If I buy a word processor for $.01/word, I can buy one for $100 - then I only need 10000 words to break even. You can play with different pricing schemes, but you need to ensure that enough people will find value in your scheme to pay you, because there is always the option of someone else's unlimited plan. Even if all your competitors are also on some sort of usage pricing, I can hire a bunch of developers to write me a custom an unlimited version, and maintain it - at some usage this is worth it.

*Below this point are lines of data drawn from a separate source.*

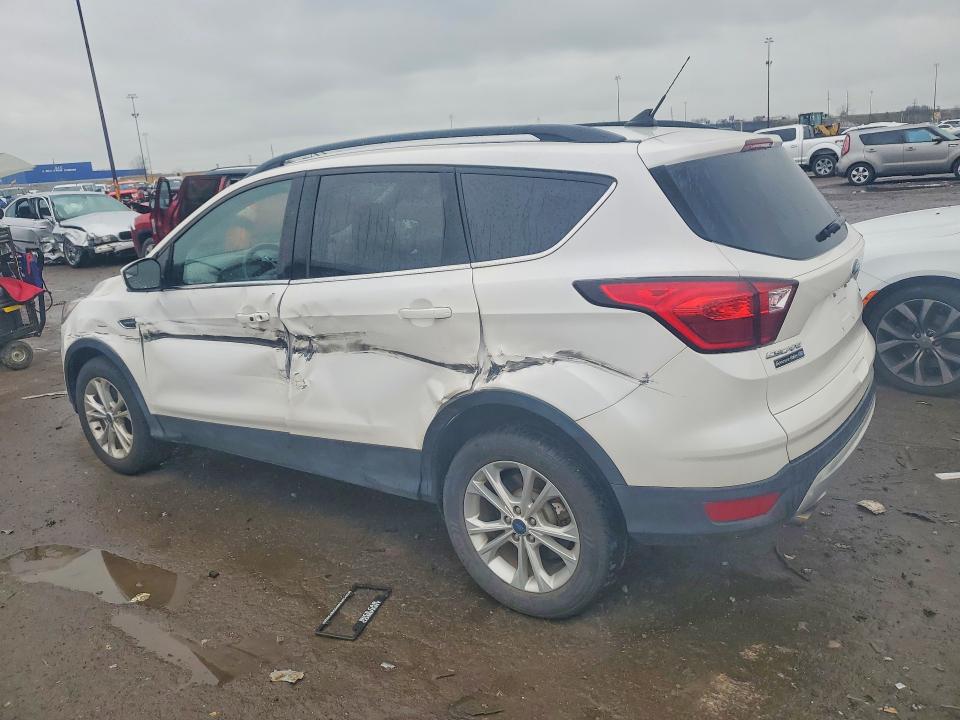 51756716 :رقم المزاد ، 1FMCU9HD1KUB98138 vin ، 2019 Ford Escape مزاد بيع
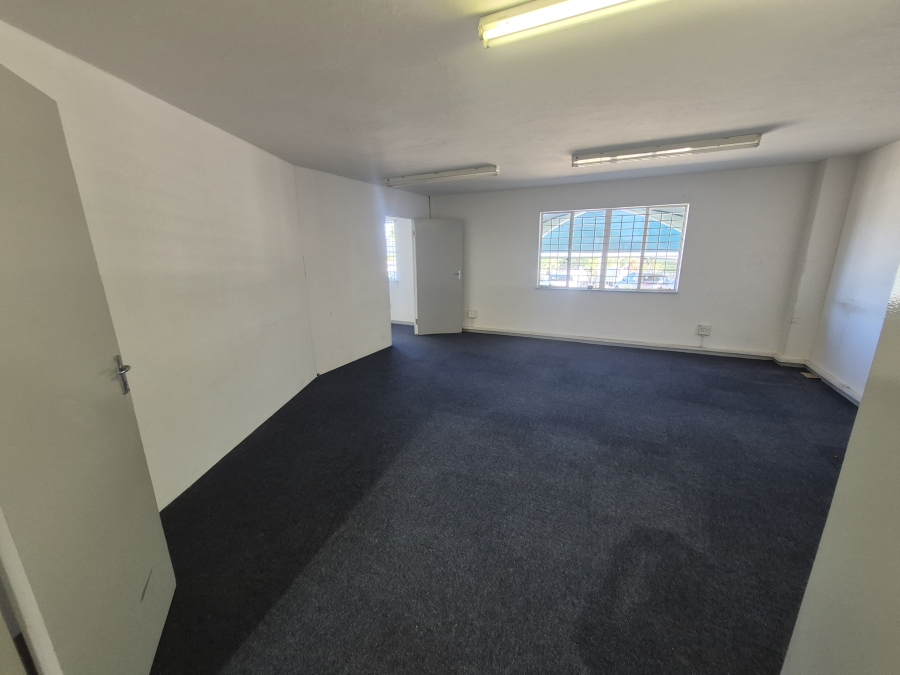 To Let Commercial Property for Rent in Sunnyrock Gauteng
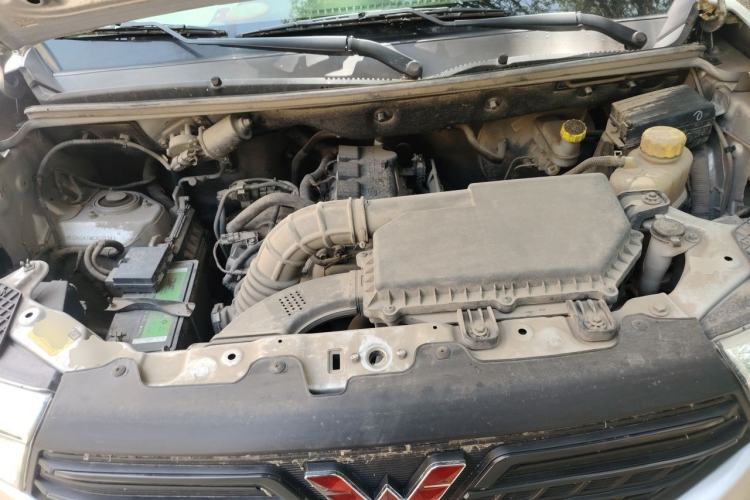 Used Wuling Hongguang V 2021 1.5L Jingqu Edition Enclosed-Window Vehicle LAR Engine Bay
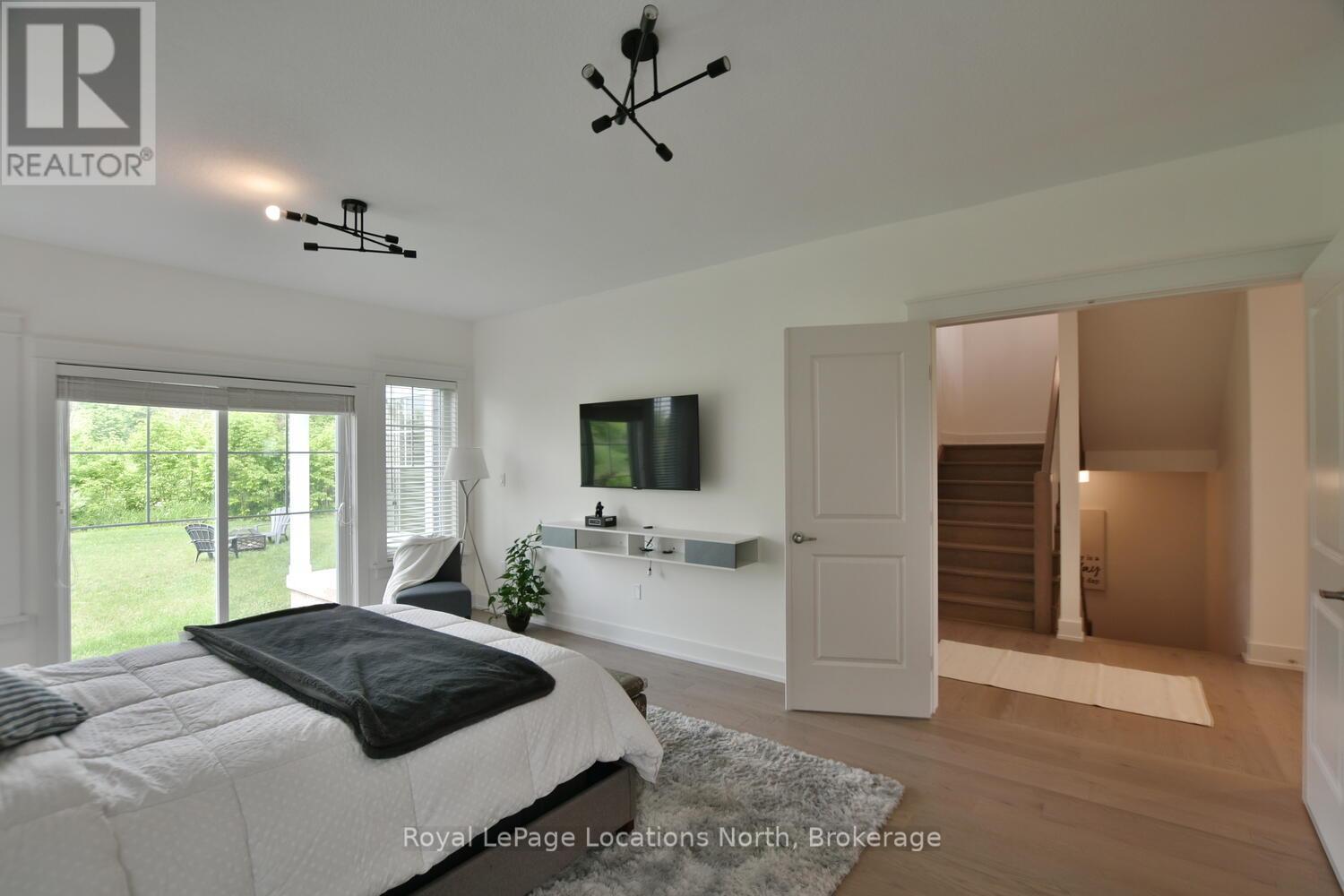 216 Snowberry Lane, Georgian Bluffs, Ontario  N0H 1S0 - Photo 13 - X12218302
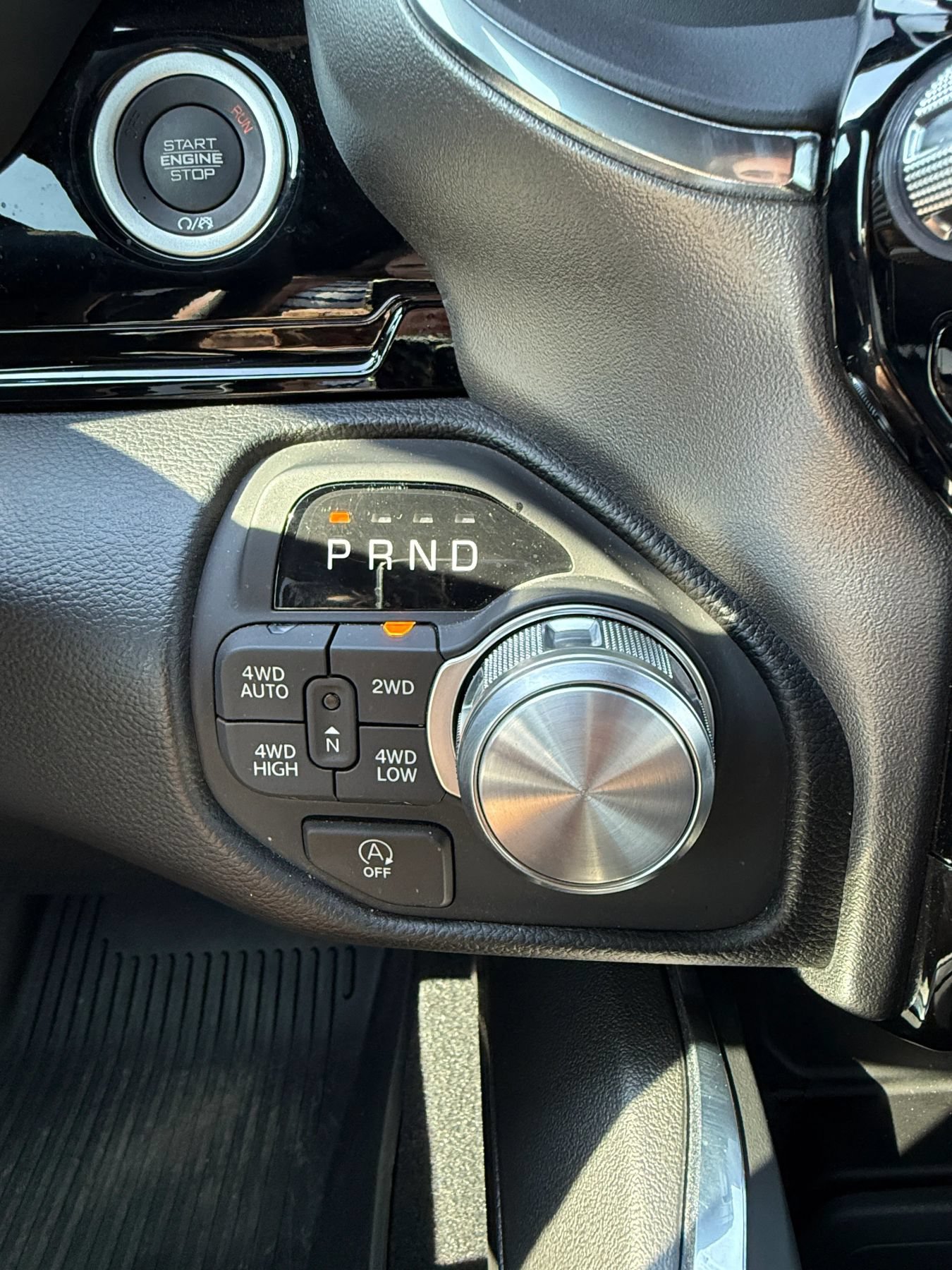 Used 2026 RAM 1500 Laramie AWD/4WD image 13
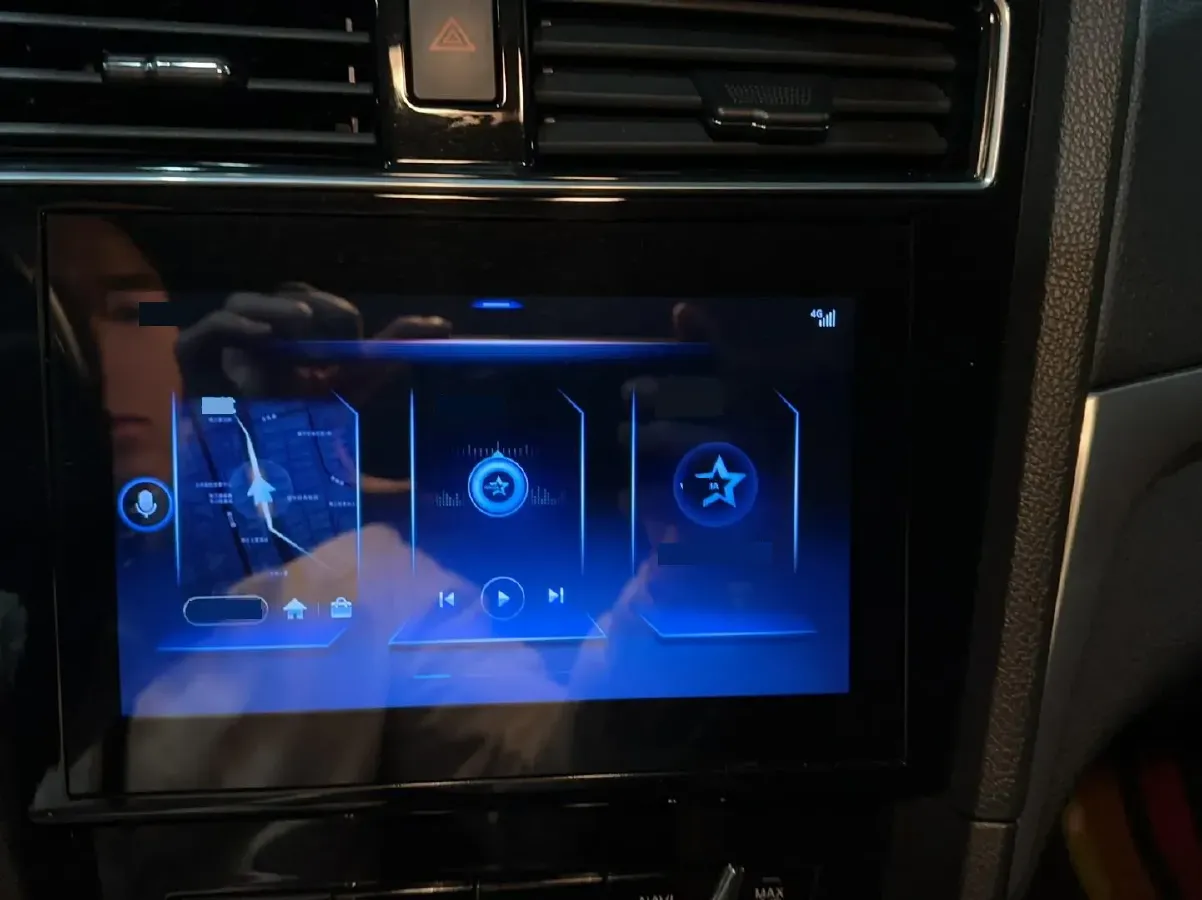 2018 Venucia D60 1.6L 126HP L4 CVT,autocango,china used car exporter,china ev exporter,chinese used car exporter,chinese used ev exporter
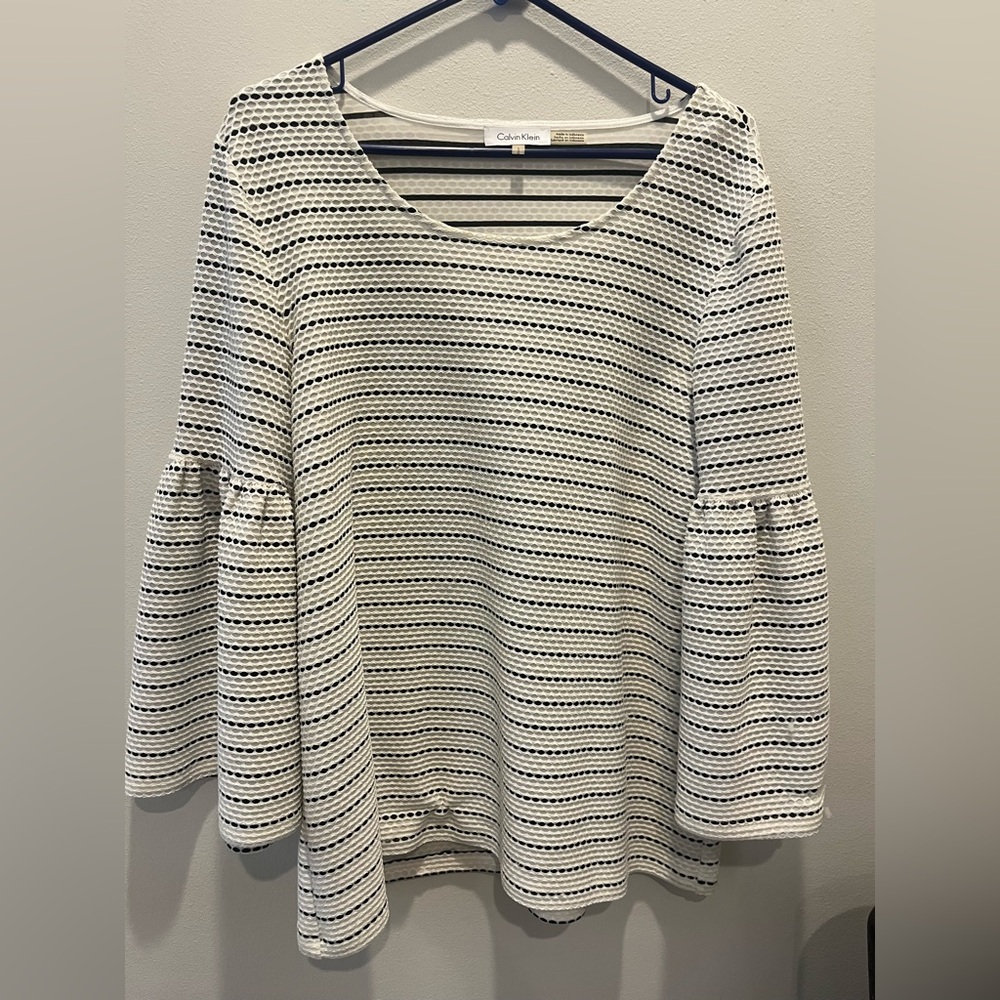 Calvin Klein Boxy White and Black 3/4 Sleeve Blouse
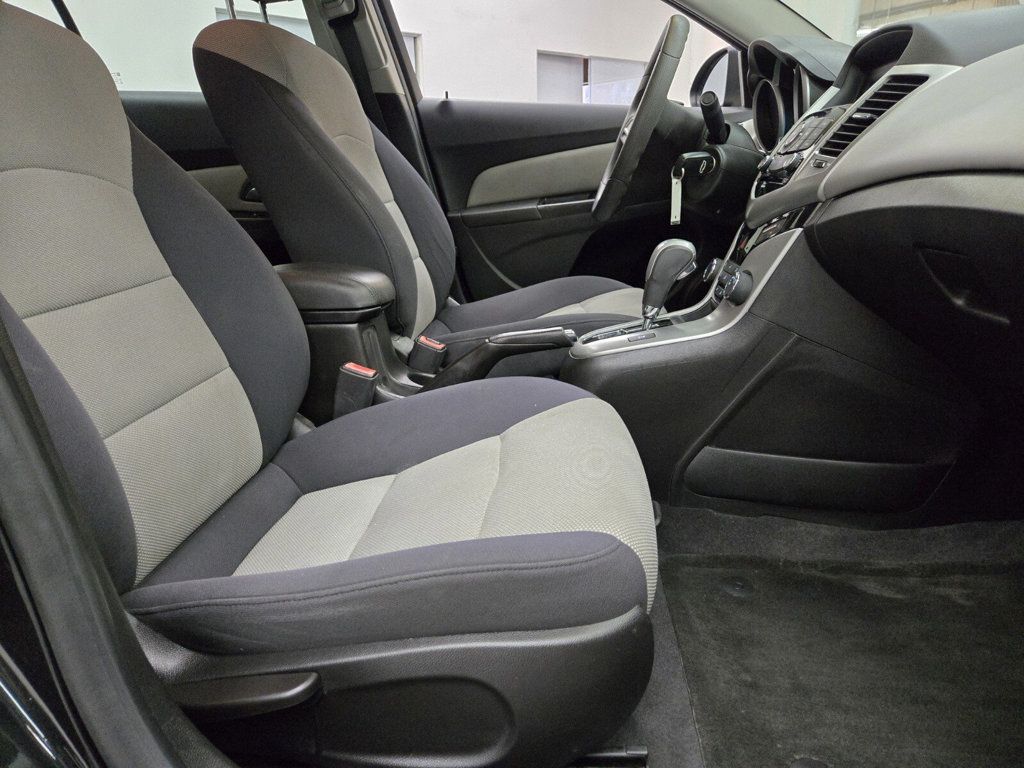 2012 Chevrolet CRUZE 4dr Sedan LS - 22940894 - 12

Of course not everything is so easy. My company pays AWS because it is cheaper to do that than to buy and upgrade all the servers we need. Our usage has busy months where we use 10x as much as the slow months, if we had consistent usage it might be cheaper to have our own servers, but we don't pay AWS for the non-peak months even though they have the servers. (I don't know how AWS handles this, that is their problem not ours)

1 comments

That's the general issue with subscriptions too. I'm fine with paying Adobe a subscription for a program that I use on a regular basis. I'm not fine with paying Adobe a subscription for a program that I might pull out to do something with once or twice a year.
Wouldn't that be an issue with a $500 photoshop license too? You'd only get to use it a handful of times before the software stops being compatible with your OS (probably).

Subscription seems better because you can just subscribe multiple times for shorter periods.

Certainly. Although, in my experience, you can usually keep older software running for quite a while. Maybe you even use a VM.
The compatibility with my OS is my problem, not Adobe's. At a certain point I'll need to buy another copy, but Creative Suite 2 runs just fine on Windows 10 ("the last version of Windows"), so that date is likely far in the future.
Yeah, this doesn't take into account the fact that you can activate you subscription only on the months that you actually use it. This is super-easy on iOS, buy YMMV on other platforms and payment methods.
I don’t want the mental overhead of this. Not to mention the dark patterns for cancellation that are prominent outside the iOS subscription ecosystem.
Yeah that's definitely an issue. I'm not sure how Adobe's subscription system works, I doubt it's too bad though.
I got a trial subscription to Adobe Acrobat to do some PDF optimization I needed done. After I did the task just went to manage subscriptions and canceled it. Was very straightforward.